* **Available data**:
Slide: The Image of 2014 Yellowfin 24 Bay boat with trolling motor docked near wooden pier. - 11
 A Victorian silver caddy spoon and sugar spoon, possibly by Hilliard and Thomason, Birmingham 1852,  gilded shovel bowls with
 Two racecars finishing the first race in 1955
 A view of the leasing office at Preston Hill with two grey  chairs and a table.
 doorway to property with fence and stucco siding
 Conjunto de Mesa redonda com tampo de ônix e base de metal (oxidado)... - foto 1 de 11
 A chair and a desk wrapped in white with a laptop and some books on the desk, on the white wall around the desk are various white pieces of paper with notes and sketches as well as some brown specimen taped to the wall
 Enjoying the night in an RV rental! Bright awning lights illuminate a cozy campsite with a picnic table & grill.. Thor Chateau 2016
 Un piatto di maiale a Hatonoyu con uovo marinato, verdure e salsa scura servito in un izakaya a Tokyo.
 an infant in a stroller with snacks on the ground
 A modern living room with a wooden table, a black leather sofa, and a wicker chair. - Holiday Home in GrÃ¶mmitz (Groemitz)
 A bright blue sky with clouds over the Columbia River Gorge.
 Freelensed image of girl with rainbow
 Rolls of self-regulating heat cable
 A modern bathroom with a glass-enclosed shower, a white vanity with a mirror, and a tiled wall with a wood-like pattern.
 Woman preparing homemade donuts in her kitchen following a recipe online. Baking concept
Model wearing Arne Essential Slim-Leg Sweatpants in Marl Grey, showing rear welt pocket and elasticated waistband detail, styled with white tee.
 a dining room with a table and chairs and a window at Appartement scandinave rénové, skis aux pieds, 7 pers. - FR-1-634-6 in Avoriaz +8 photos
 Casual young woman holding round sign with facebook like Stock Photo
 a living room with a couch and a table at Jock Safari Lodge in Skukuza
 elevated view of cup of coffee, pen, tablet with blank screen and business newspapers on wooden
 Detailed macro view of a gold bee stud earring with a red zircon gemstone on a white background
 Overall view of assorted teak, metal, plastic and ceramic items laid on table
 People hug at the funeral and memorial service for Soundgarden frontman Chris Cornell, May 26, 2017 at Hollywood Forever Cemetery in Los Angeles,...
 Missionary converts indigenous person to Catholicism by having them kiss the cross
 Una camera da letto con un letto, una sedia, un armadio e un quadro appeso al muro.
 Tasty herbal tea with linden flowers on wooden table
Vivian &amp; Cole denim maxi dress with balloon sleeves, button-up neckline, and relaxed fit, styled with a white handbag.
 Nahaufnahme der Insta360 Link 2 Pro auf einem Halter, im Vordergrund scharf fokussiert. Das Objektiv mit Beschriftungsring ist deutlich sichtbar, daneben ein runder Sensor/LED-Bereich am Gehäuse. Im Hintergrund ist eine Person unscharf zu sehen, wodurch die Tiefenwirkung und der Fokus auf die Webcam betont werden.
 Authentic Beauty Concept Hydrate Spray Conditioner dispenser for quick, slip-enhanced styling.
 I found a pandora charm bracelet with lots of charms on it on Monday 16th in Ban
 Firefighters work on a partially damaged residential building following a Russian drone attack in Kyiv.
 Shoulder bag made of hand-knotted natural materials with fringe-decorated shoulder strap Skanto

* **Task details**: Copy the entries above exactly, but only from the line holding "A modern bathroom" through the line holding "a dining room", both included.

* **Reply to the task**:
 A modern bathroom with a glass-enclosed shower, a white vanity with a mirror, and a tiled wall with a wood-like pattern.
 Woman preparing homemade donuts in her kitchen following a recipe online. Baking concept
Model wearing Arne Essential Slim-Leg Sweatpants in Marl Grey, showing rear welt pocket and elasticated waistband detail, styled with white tee.
 a dining room with a table and chairs and a window at Appartement scandinave rénové, skis aux pieds, 7 pers. - FR-1-634-6 in Avoriaz +8 photos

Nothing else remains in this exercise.